Unlike regular sampling data, time-series data are ordered. Therefore, there is extra information about your sample that you could take advantage of, if there are useful temporal patterns. The autocorrelation function is one of the tools used to find patterns in the data. Specifically, the autocorrelation function tells you the correlation between points separated by various time lags. As an example, here are some possible acf function values for a series with discrete time periods:

The notation is ACF(n=number of time periods between points)=correlation between points separated by n time periods. Ill give examples for the first few values of n.

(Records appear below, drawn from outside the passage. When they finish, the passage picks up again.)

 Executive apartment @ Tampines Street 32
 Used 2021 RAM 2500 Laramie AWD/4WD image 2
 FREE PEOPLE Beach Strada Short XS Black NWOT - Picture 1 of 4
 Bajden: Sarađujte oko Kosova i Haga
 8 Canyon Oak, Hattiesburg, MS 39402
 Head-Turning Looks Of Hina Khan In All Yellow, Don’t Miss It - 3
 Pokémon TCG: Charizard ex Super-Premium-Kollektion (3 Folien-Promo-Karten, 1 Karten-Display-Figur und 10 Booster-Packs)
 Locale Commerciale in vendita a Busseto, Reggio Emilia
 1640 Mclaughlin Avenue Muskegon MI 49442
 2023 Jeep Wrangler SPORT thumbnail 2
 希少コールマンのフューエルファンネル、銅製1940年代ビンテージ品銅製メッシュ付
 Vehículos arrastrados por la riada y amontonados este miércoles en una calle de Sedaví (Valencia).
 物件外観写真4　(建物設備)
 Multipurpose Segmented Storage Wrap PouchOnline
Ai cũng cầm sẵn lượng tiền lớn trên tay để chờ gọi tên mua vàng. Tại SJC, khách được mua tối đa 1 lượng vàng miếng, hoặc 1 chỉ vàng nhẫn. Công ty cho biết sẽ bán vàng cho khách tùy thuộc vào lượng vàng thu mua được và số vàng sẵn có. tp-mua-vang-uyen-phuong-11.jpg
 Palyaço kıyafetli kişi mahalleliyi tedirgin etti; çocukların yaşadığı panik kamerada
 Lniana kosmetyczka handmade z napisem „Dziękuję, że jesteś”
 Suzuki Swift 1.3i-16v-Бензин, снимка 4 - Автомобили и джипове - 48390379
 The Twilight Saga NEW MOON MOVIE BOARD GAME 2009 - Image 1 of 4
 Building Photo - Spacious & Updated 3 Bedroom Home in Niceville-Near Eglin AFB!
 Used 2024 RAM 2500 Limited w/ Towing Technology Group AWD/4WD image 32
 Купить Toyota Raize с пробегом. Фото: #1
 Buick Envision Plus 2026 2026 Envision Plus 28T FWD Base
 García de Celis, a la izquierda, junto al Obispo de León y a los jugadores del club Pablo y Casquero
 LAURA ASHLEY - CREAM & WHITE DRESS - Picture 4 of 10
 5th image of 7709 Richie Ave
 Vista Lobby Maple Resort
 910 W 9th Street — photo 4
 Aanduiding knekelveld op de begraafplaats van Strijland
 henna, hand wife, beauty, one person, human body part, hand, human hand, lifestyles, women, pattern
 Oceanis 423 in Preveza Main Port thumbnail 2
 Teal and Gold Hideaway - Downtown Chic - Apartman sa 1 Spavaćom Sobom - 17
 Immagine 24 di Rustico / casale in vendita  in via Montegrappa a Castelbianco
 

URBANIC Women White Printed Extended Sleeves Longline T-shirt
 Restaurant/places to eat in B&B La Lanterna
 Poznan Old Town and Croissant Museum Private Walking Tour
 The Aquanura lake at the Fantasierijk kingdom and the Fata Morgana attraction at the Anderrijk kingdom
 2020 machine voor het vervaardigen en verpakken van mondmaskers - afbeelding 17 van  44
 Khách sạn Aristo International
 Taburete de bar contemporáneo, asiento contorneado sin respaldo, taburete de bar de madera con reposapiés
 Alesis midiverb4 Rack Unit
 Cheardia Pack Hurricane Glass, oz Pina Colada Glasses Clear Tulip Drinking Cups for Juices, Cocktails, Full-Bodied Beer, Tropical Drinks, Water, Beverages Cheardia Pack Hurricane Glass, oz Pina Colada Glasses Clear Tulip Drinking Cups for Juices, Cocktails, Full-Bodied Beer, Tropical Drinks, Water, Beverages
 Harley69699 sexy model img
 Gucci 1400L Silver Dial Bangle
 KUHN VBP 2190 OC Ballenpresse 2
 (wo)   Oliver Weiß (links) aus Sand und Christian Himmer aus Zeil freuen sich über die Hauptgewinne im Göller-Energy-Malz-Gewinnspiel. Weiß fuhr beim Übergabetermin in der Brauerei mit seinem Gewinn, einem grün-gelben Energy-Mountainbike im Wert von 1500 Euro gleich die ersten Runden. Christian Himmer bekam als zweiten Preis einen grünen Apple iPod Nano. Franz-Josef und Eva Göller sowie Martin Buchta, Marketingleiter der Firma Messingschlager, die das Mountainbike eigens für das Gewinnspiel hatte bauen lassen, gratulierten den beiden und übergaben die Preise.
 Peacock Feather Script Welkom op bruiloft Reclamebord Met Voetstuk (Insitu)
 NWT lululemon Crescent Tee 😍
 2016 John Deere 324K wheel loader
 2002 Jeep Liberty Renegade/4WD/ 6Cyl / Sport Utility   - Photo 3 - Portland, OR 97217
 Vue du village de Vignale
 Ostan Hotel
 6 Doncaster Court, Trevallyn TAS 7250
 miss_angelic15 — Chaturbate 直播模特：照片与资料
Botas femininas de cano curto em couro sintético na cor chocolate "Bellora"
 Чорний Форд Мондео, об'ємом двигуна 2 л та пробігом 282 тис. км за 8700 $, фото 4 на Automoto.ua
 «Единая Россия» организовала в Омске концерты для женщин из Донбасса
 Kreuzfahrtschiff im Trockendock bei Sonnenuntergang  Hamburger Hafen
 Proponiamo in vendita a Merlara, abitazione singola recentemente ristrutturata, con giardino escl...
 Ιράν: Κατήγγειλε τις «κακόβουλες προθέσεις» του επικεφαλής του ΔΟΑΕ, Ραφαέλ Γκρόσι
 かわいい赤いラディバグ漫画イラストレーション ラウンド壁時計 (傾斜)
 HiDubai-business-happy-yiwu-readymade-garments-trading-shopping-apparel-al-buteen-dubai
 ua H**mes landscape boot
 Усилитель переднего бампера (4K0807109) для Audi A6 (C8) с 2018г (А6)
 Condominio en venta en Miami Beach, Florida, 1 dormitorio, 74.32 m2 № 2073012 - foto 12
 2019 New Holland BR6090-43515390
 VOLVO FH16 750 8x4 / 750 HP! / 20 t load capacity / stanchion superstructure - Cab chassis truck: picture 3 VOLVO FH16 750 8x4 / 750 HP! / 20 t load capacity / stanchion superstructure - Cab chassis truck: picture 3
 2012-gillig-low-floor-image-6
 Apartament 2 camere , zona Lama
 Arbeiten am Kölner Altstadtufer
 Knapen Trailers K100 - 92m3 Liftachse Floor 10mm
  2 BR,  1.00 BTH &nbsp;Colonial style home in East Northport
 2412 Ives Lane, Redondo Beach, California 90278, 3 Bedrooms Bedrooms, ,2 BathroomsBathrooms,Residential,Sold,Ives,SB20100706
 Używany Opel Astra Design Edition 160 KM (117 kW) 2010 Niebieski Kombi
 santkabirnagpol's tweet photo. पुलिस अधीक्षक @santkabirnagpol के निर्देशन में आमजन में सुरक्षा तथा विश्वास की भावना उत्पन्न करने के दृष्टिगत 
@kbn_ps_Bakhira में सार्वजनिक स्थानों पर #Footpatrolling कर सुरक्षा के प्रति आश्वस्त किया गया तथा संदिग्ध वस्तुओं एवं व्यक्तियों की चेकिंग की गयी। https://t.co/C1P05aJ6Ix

ACF(0)=1 (all data are perfectly correlated with themselves), ACF(1)=.9 (the correlation between a point and the next point is 0.9), ACF(2)=.4 (the correlation between a point and a point two time steps ahead is 0.4)...etc.

So, the ACF tells you how correlated points are with each other, based on how many time steps they are separated by. That is the gist of autocorrelation, it is how correlated past data points are to future data points, for different values of the time separation. Typically, you'd expect the autocorrelation function to fall towards 0 as points become more separated (i.e. n becomes large in the above notation) because its generally harder to forecast further into the future from a given set of data. This is not a rule, but is typical.

Now, to the second part...why do we care? The ACF and its sister function, the partial autocorrelation function (more on this in a bit), are used in the Box-Jenkins/ARIMA modeling approach to determine how past and future data points are related in a time series. The partial autocorrelation function (PACF) can be thought of as the correlation between two points that are separated by some number of periods n, BUT with the effect of the intervening correlations removed. This is important because lets say that in reality, each data point is only directly correlated with the NEXT data point, and none other. However, it will APPEAR as if the current point is correlated with points further into the future, but only due to a "chain reaction" type effect, i.e., T1 is directly correlated with T2 which is directly correlated with T3, so it LOOKs like T1 is directly correlated with T3. The PACF will remove the intervening correlation with T2 so you can better discern patterns. A nice intro to this is here.

The NIST Engineering Statistics handbook, online, also has a chapter on this and an example time series analysis using autocorrelation and partial autocorrelation. I won't reproduce it here, but go through it and you should have a much better understanding of autocorrelation.